To run the script, copy the rootfsupdate directory to your target's /tmp directory and run the script:

# applyupdate /tmp/rootfsupdate 0.9.13 0.9.14

You can run the update script on your host to test it before using it on your actual target. Here are the steps involved:

From the ${PRJROOT} directory, copy the old root filesystem (possibly oldrootfs) to tmp.
Modify the script to remove absolute references to /. Replace, for example, references to /etc with references to etc.
Run the script on the copied filesystem.
Verify manually that everything has been updated adequately.

Copying an Entire Directory Tree Without GNU cp

When building an embedded Linux system, you will often need to copy entire directories from one location to another as efficiently as possible while keeping files, directories, and symbolic links intact. I have already done this a few times in the course of my earlier explanations and have repeatedly used the cp -a command to accomplish this. Although the -a option has been part of GNU cp for some time, it may not be installed on your system if you are not using Linux. If, for some reason, GNU cp is not available on your system, you can still obtain the same result as cp -a using a command that is a combination of cd and tar. Let's take a closer look at this command and how it works. This is how the command looks in its generalized form:

$ (cd  SRC_DIR  && tar cf - .) | (cd  DEST_DIR  && tar xvf -)

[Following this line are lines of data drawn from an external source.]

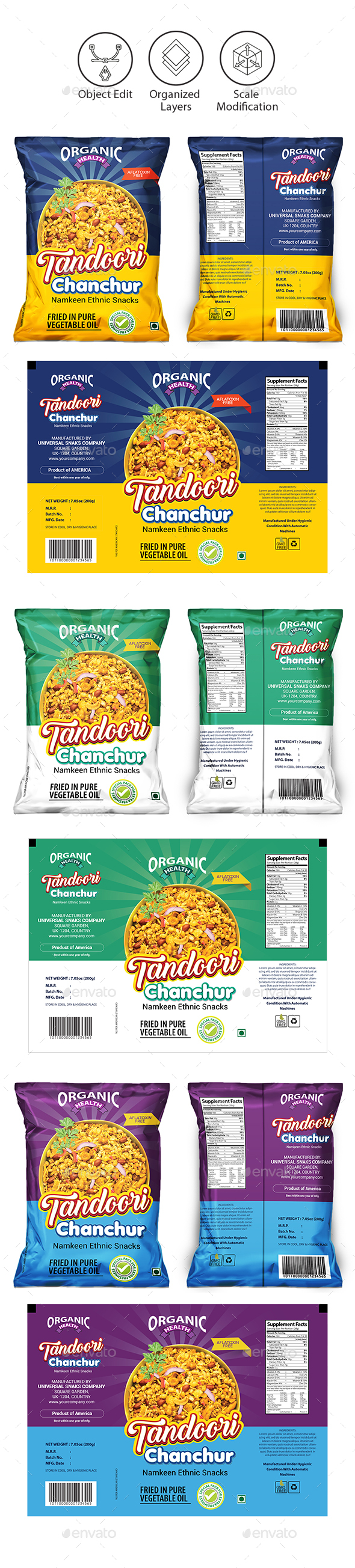 Snacks Packaging Template Vol 3 - Packaging Print Templates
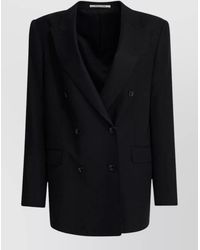 Tagliatore - Double-Breasted Cupro Blazer - Lyst
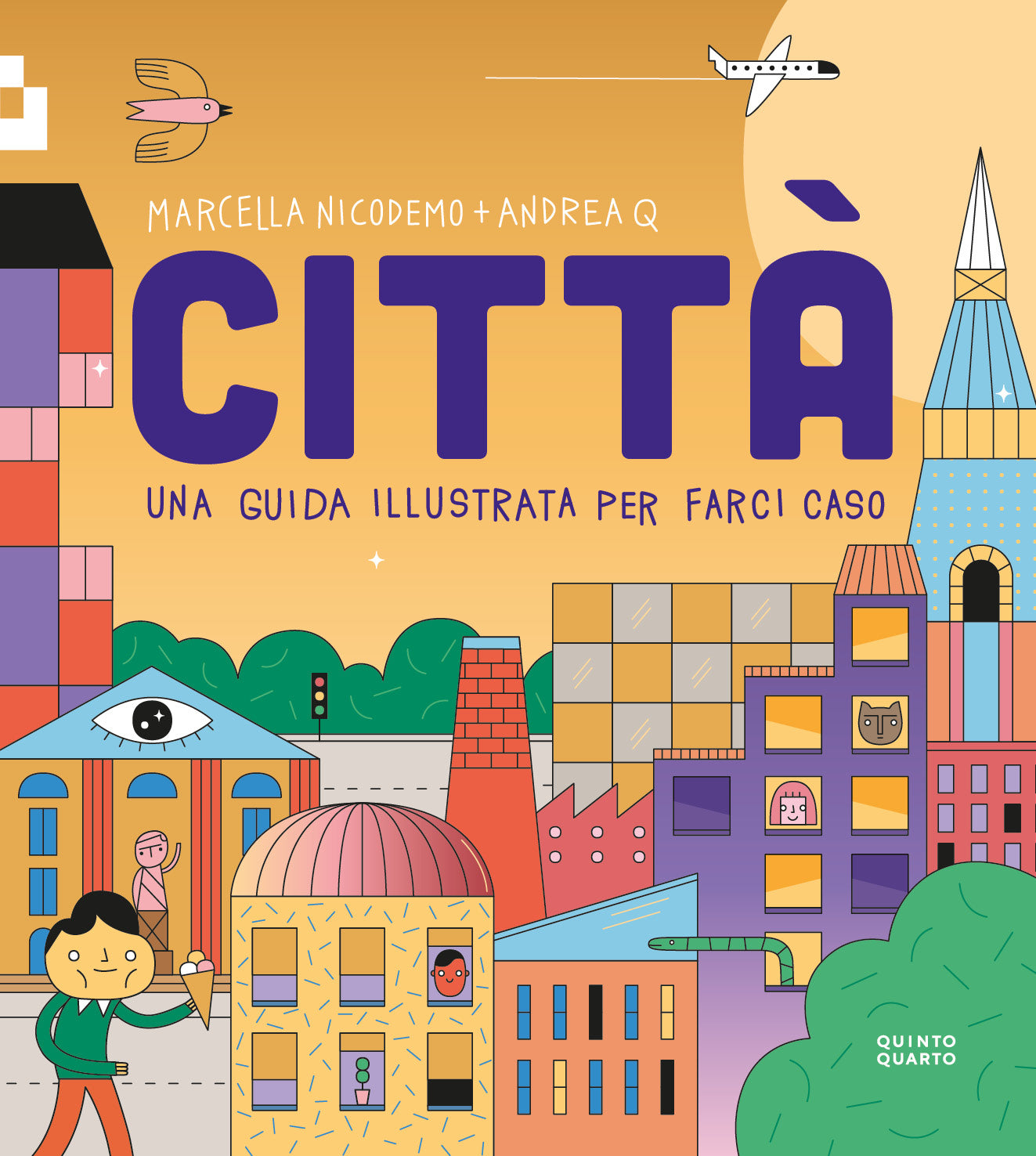 Copertina di Città. Una guida illustrata per farci caso, di Marcella Nicodemo e Andrea Q, Quinto Quarto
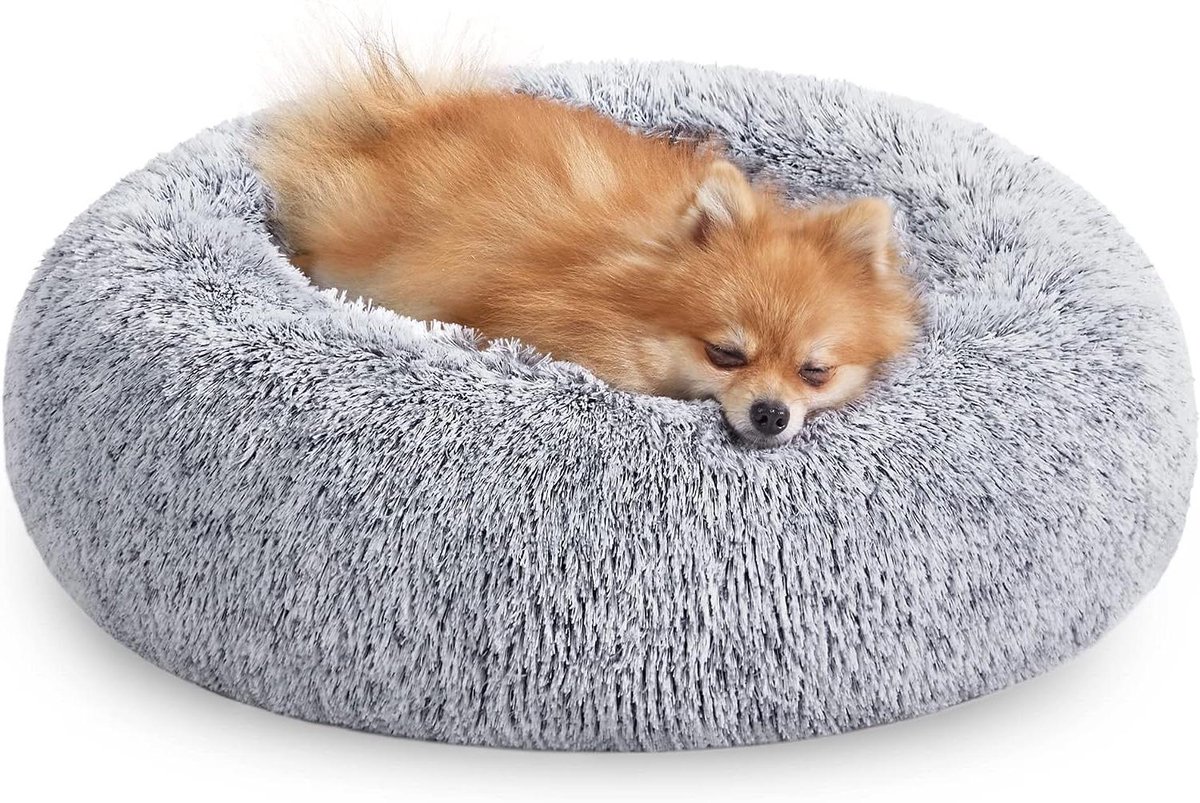 Hondenmand Kattenmand - Donut Kussen - Comfortabel Rusten - Lange Pluche Vacht - 60 cm Diameter - Ombre Grijs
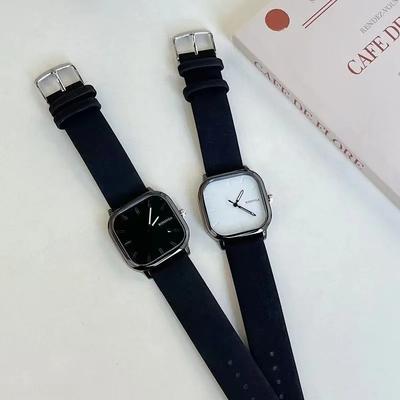 Fashion Retro Square Men Watches Minimalist Quartz Watches for Man Casual Leather Strap Wristwatches Reloj Hombre (No Bracelet)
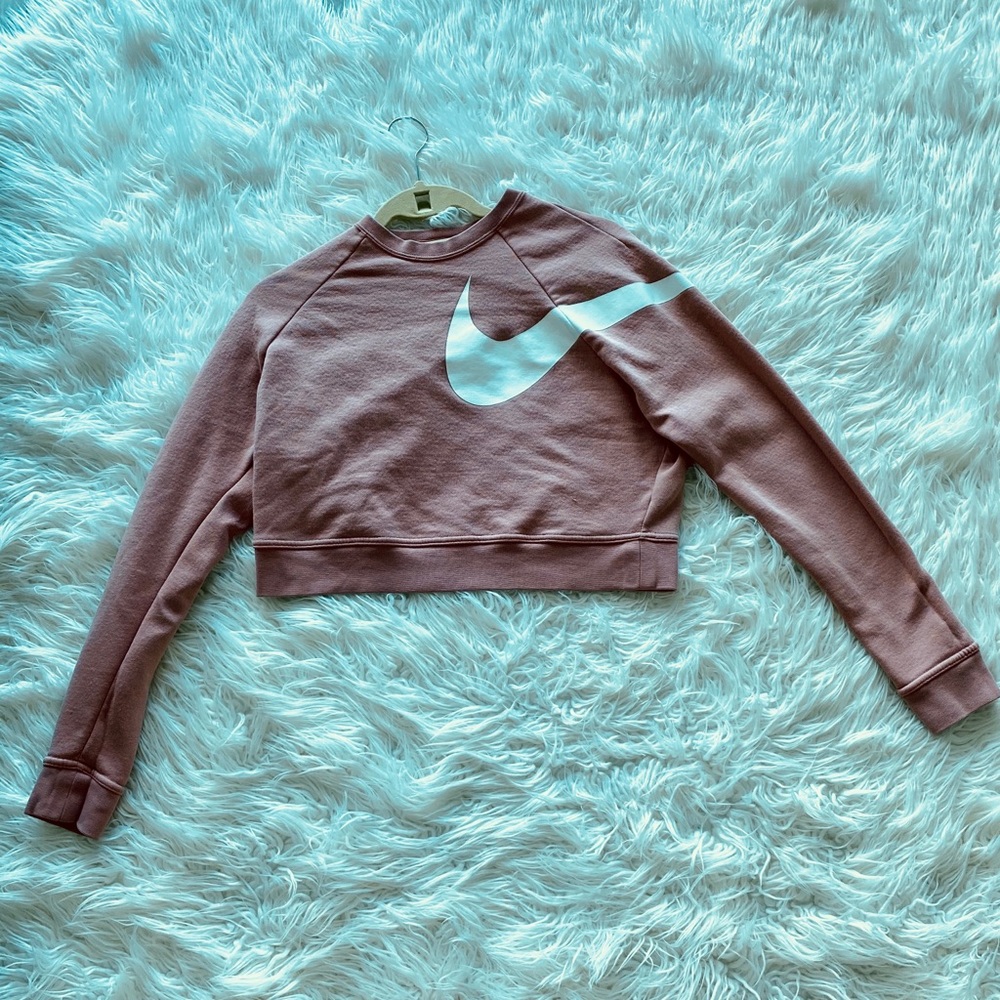 Baby pink Nike crop sweater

This command has two parts. The one on the left of the | character changes directories to SRC_DIR and initiates a tar in that directory. Specifically, tar is told to create a tar archive of the content of the directory from which it runs and to dump the resulting archive to the standard output. In simple uses of tar for archiving, the command is followed by a greater-than sign (>) and the name of either a tape device or a disk file. Here we aren't actually saving the output; we're just using tar as a convenient way to put the files into a stream and put it elsewhere.

On Unix command shells, the | is used to create a pipe between the output of the command on the left and the input of the command on the right. Hence, the archive dumped on the standard output by the command on the left is fed as the standard input for the command on the right. In turn, the command on the right of | changes to the DEST_DIR and initiates a tar in that directory. Contrary to the first tar, this one extracts the content found on its standard input into the directory from which it is executed.

The net effect of this command is that the files and directories found in the SRC_DIR directory are copied as-is to the DEST_DIR directory. The content of DEST_DIR is thereafter identical to that of SRC_DIR.

Though this command is of little use if your system already has GNU cp, you may find it helpful on systems that don't have GNU cp. If you are using a standard Linux workstation or server distribution, cp -a remains the better option for copying entire directory trees.